----- Source data -----
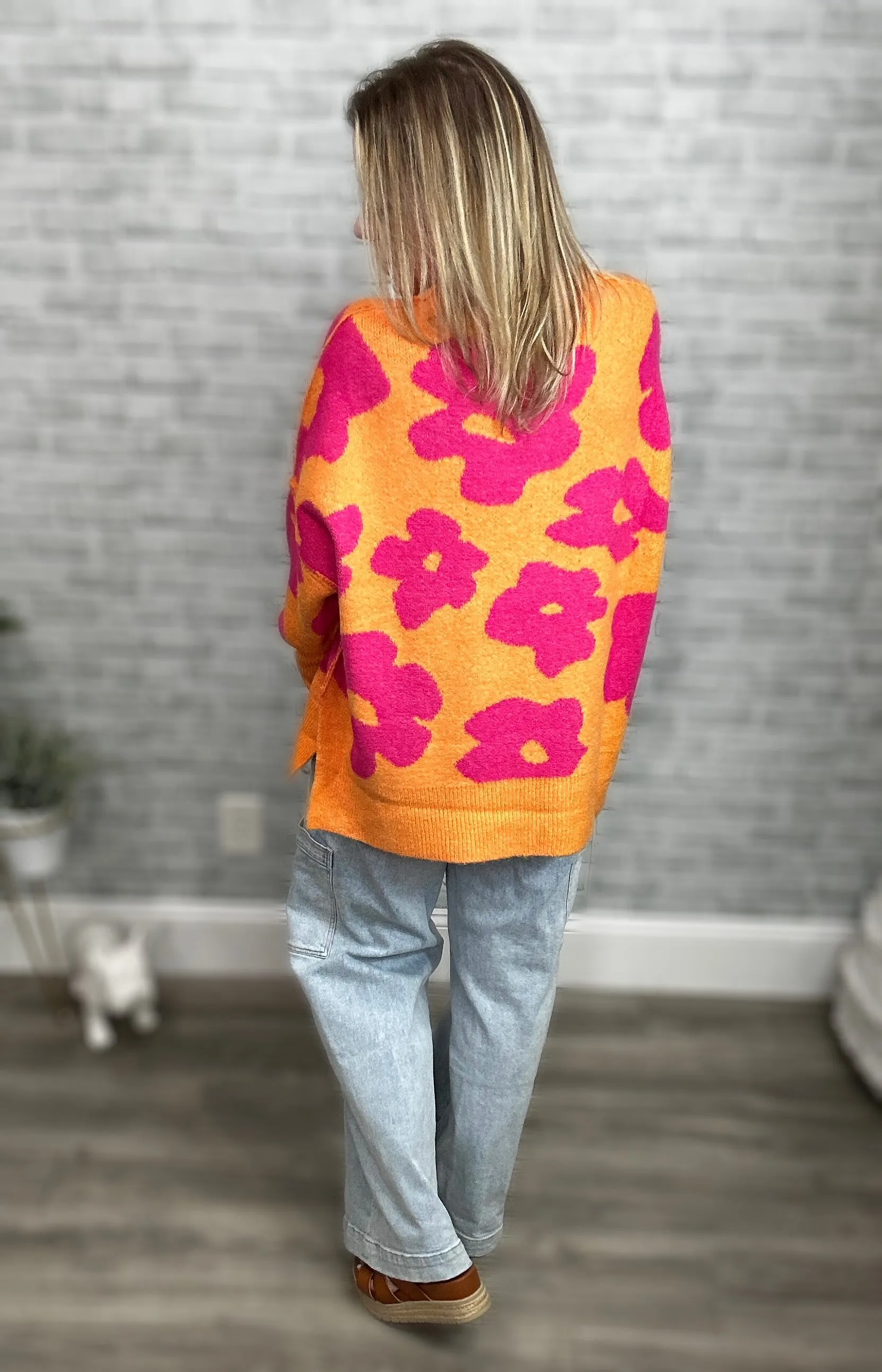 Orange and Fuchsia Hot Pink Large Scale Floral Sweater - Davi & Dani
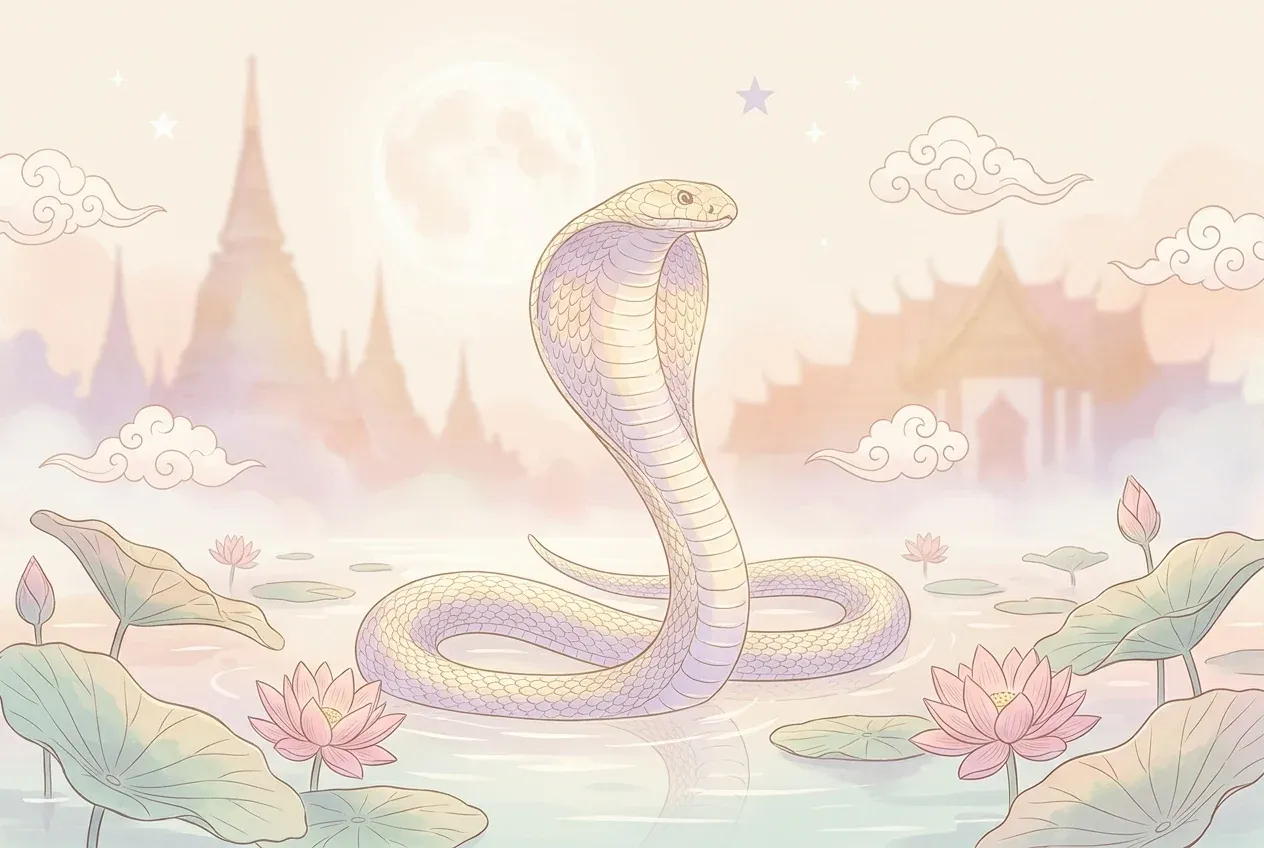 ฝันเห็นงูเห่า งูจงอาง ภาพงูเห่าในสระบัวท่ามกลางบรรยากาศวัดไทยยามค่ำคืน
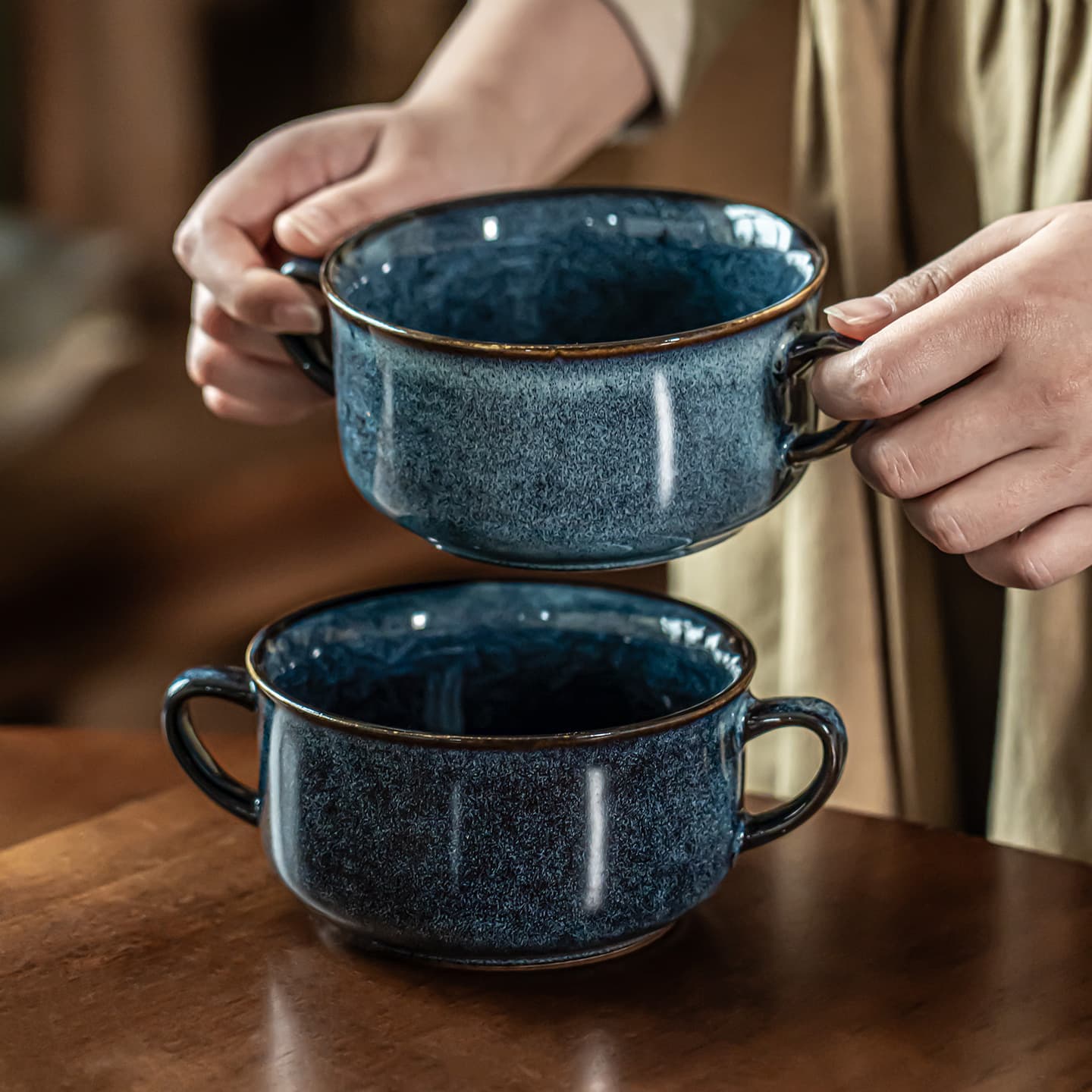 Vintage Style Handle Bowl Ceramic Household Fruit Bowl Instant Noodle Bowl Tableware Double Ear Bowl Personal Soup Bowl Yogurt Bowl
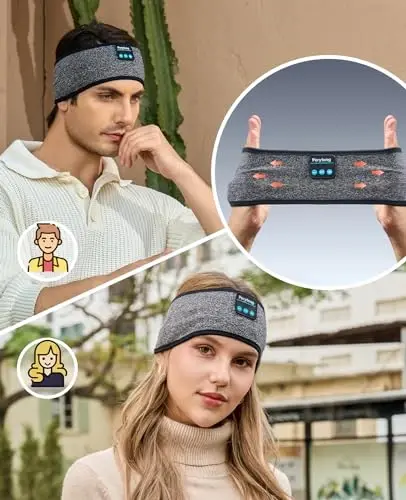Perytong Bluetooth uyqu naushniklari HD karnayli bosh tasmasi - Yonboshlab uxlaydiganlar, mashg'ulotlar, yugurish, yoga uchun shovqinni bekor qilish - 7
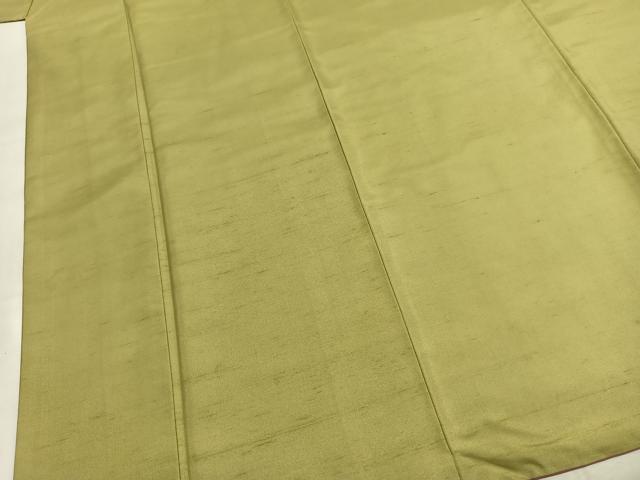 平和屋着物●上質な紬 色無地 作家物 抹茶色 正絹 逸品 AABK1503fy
-----
Exercise: Leave the pictures out and reproduce exactly the lines from the line with "Perytong Bluetooth uyqu" to the end of the material above.

Completed exercise:
Perytong Bluetooth uyqu naushniklari HD karnayli bosh tasmasi - Yonboshlab uxlaydiganlar, mashg'ulotlar, yugurish, yoga uchun shovqinni bekor qilish - 7
 平和屋着物●上質な紬 色無地 作家物 抹茶色 正絹 逸品 AABK1503fy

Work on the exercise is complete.